A pastor friend shared on Friday morning about how this December has not felt like Advent/Christmas normally does. She wrote:
I myself adore Advent/Christmas, but it’s had a different feeling from the outset this year. Perhaps it’s having older teens for whom “magic” isn’t a part of the celebration anymore. It’s also a heavy time in our world, to the point that Christmas celebrations are canceled in the town of Jesus’ birth...I stop short of calling it a funk, because I don’t feel down, I just don’t feel Christmasy in the same way I usually do.1
I have felt similarly this year. Maybe it is that we have only seen a dusting of snow. Maybe it is the heavy time in the world as MaryAnn wrote. Maybe it is the culmination of what has been personally a very emotionally, physically, and spiritually trying year. Maybe it is the realities of our family changing as two are in college and one is only about 8 months away from starting. Maybe it is the dread of what 2024 might be like in our country. Maybe it is all of this blended together in some kind of crazy smoothie of unease that is sipped down while we light candles in worship of hope, love, joy, and peace and waiting for the celebration to take place tomorrow on Christmas Eve.

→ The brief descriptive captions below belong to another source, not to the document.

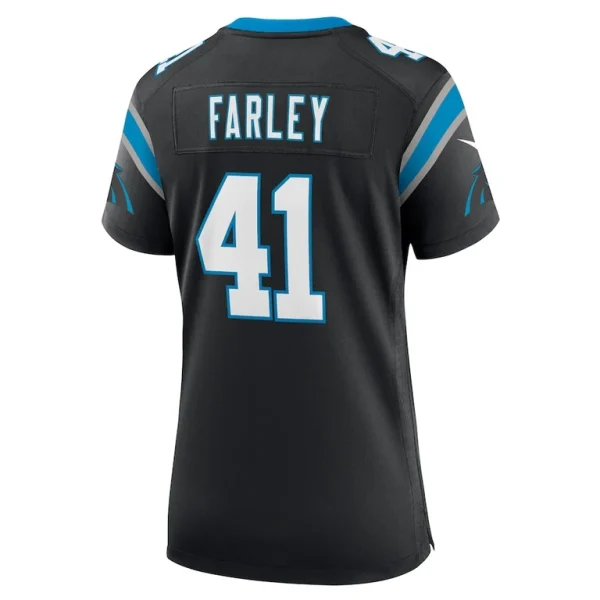 Matthias farley carolina panthers nike womens game jersey Black L
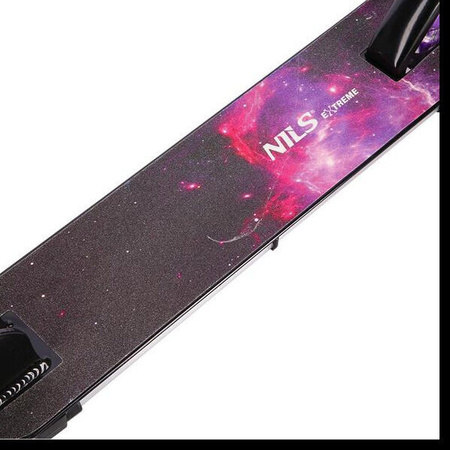 Hulajnoga Nils Extreme hd025 led violet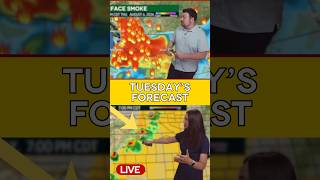FORECAST Late Night Wind Storms 70 MPH Wind Gust Threat HailTrace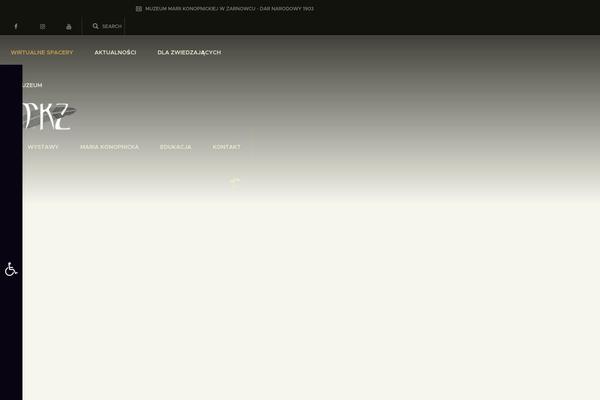 Site using WooCommerce plugin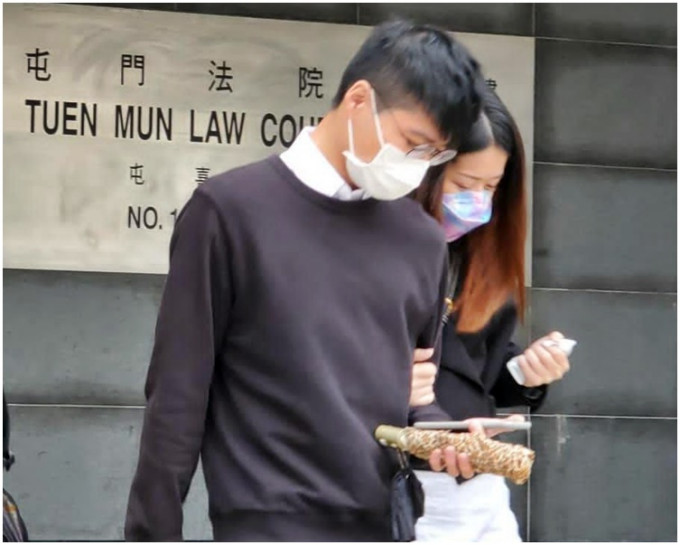 20岁男生甄振岚的上诉被驳回。资料图片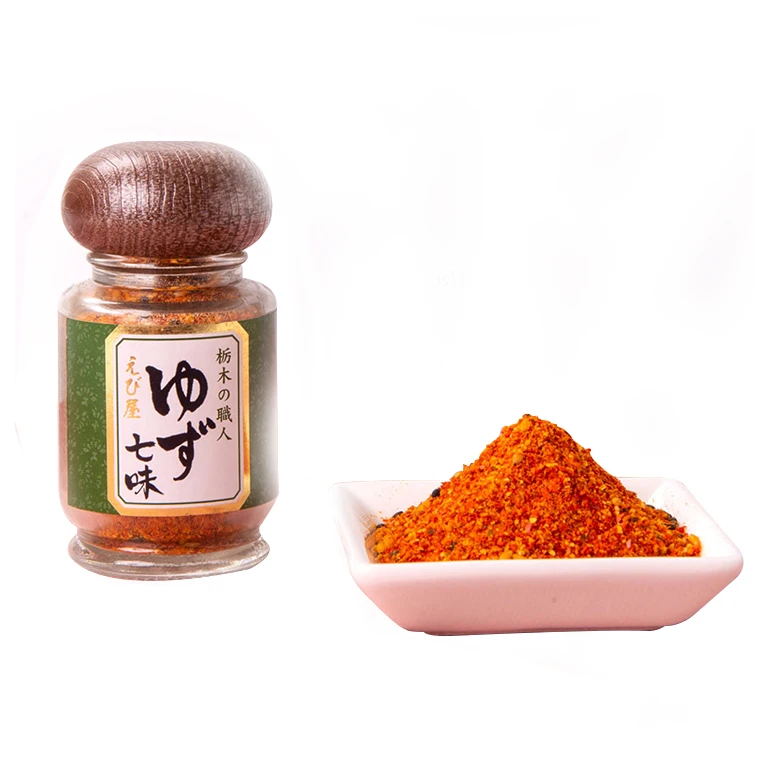 Japanese sweet red dried paprika different spiciness powder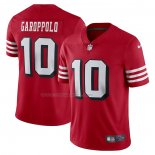 Maglia NFL Limited San Francisco 49ers Jimmy Garoppolo Alternato Vapor Rosso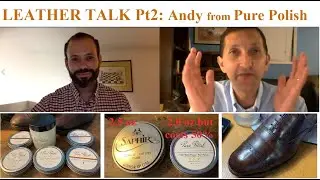 Leather Talk с Энди Воном из Pure Polish Pt 2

This moment of peace also speaks of what I shared the last few days - the ordinary and place. This wasn’t some far-flung destination - it was the small 9 hole golf course one block from my house surrounded by neighborhood houses. It is an ordinary place on an ordinary morning. It is normal life.
But as my friend Lisa would say time and time again, it’s all in there. It’s all in there like this sunrise that would not have been possible without the newly rising light and the clouds dotting the horizon. Yes, there are days that the morning is clear and there’s the subtle cascade of colors that emerge and there are others when the clouds hide any glimpse of the fullness of the morning light. But for me, I long for mornings like this when it all comes together...the both/and. It’s all in there.
Nailed it!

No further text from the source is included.